Follow the [instructions](https://github.com/tensorflow/models/tree/master/research/inception#getting-started) to prepare the ImageNet dataset in TF-Slim format.
The default directory for the dataset is `~/tensorflow/imagenet`.
You can change it with the `--dataset_dir` flag.

We initialized all ACT/SACT models with a [pretrained ResNet-101 model](https://s3.us-east-2.amazonaws.com/sact-models/imagenet_101.tar.gz) (159MB file).

Download [pretrained ResNet-101 SACT model](https://s3.us-east-2.amazonaws.com/sact-models/imagenet_101_sact_5e-3.tar.gz), trained with tau=0.005 (160 MB file):
``` bash
mkdir -p models && curl https://s3.us-east-2.amazonaws.com/sact-models/imagenet_101_sact_5e-3.tar.gz | tar xv -C models
```

Evaluate the pretrained model
``` bash
python imagenet_eval.py --model_type=sact --model=101 --tau=0.005 --checkpoint_dir=models/imagenet_101_sact_5e-3 --eval_dir=/tmp --evaluate_once
```

Expected output:
```
eval/Accuracy[0.75609803]
eval/Recall@5[0.9274632117722329]
Total Flops/mean[1.1100941e+10]
Total Flops/std[4.5691142e+08]
...
```

Note that evaluation on the full validation dataset will take some time using only CPU.
Add the arguments `--num_examples=10 --batch_size=10` for a quicker test.
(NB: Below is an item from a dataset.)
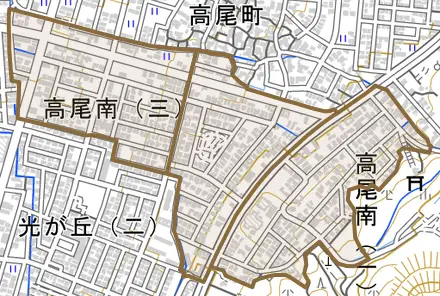 高尾南とその周辺の地図。町の範囲を重ねている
Draw some images from ImageNet validation set and the corresponding ponder cost maps:

``` bash
python imagenet_export.py --model_type=sact --model=101 --tau=0.005 --checkpoint_dir=models/imagenet_101_sact_5e-3 --export_path=/tmp/maps.h5 --batch_size=1 --num_examples=200

mkdir /tmp/maps
python draw_ponder_maps.py --input_file=/tmp/maps.h5 --output_dir=/tmp/maps
```

Example visualizations. See Figure 9 of the paper for more

Image | Ponder cost map
:-------------------------:|:----------------------------:
![](pics/20.92_93_im.jpg) | ![](pics/20.92_93_ponder.png)
![](pics/22.28_95_im.jpg) | ![](pics/22.28_95_ponder.png)
![](pics/26.75_36_im.jpg) | ![](pics/26.75_36_ponder.png)

Apply the pretrained model to your own jpeg images.
For best results, first resize them to somewhere between 320x240 and 640x480.

``` bash
python2 imagenet_ponder_map.py --model=101 --checkpoint_dir=models/imagenet_101_sact_5e-3 --images_pattern=pics/gasworks.jpg --output_dir output/
```

Image | Ponder cost map | Colorbar
:--------------------:|:------------------------------:|---------
![](pics/gasworks.jpg)| ![](pics/gasworks_ponder.jpg) | ![](pics/gasworks_colorbar.jpg)
![](pics/cat.jpg) | ![](pics/cat_ponder.jpg) | ![](pics/cat_colorbar.jpg)

Note that an ImageNet-pretrained model tends to ignore people - there is no "person" class in ImageNet!

## Disclaimer

This is not an official Google product.